Pinto Madera se acogió a un criterio de oportunidad con la Fiscalía General de la República (FGR), convirtiéndose en testigo colaborador y proporcionando información clave sobre la red de corrupción y delitos de la organización criminal presuntamente encabezada por Hernán Bermúdez Requena, exsecretario de Seguridad Pública de Tabasco.

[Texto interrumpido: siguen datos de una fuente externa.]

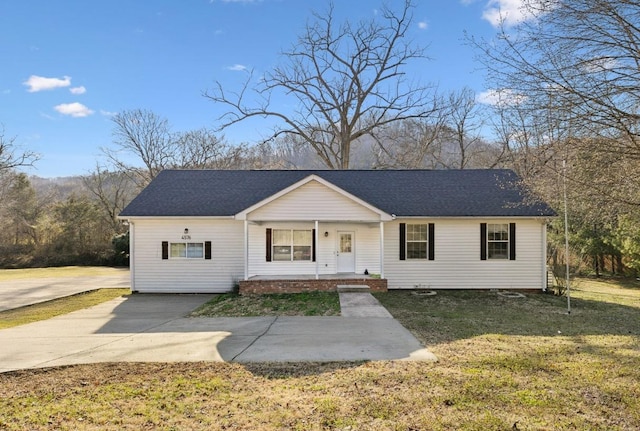 view of front of house with covered porch, roof with shingles, concrete driveway, and a front lawn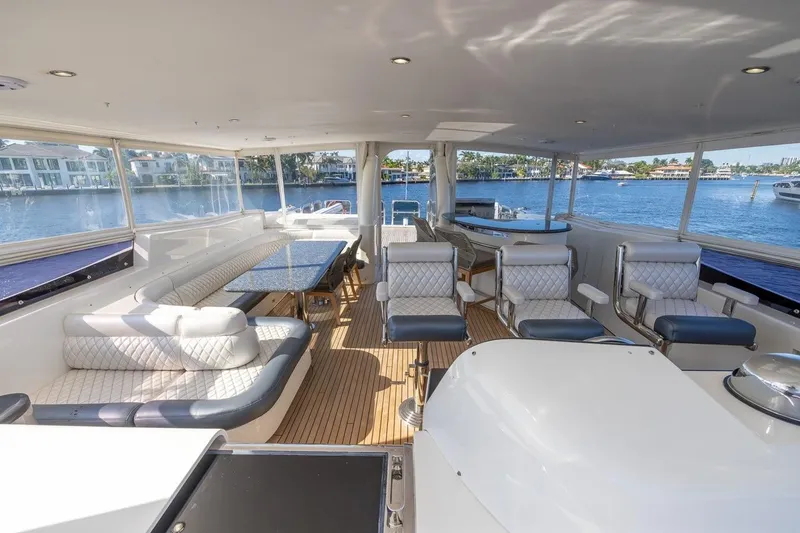 Slide: The Image of Luxurious interior of 2003 Johnson 87' Motor Yacht with elegant seating and scenic water views. - 74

Aunque hasta ahora no se ha confirmado que Bermúdez Requena busque convertirse en testigo colaborador, la posibilidad se mantiene latente. De hacerlo, el golpe político podría ser devastador: se abriría una caja de Pandora con revelaciones sobre complicidades, redes de protección y los verdaderos alcances de La Barredora en las estructuras de seguridad pública.
El nombre que inevitablemente aparece en este contexto es el de Adán Augusto López Hernández, exgobernador de Tabasco y actual figura clave en la política nacional. Bermúdez fue su secretario de Seguridad Pública, y los señalamientos sobre cómo La Barredora operaba bajo su gestión pesan cada vez más.
Si los testimonios de El Mamado —y eventualmente los de Bermúdez— señalan vínculos directos o tolerancia desde las más altas esferas del poder estatal, el prestigio político de Adán Augusto podría quedar gravemente comprometido.
La FGR enfrenta así una doble prueba:
- Judicial, para desmantelar a La Barredora con evidencias sólidas.
- Política, para demostrar que las investigaciones no se detendrán si los testimonios tocan a figuras con peso nacional.
Si Bermúdez opta por el silencio, el caso podría cerrarse en torno a mandos medios y operadores, dejando a salvo a quienes dieron cobertura política. Pero si decide colaborar, el costo podría ser una crisis política de gran magnitud que alcanzaría a personajes del círculo cercano de la presidencia pasada y pondría bajo escrutinio a Adán Augusto, hoy aspirante a mantener influencia en la 4T.
El caso La Barredora ya no es solo una investigación criminal: es un espejo incómodo de hasta dónde se entrelazan el crimen organizado y la política en México.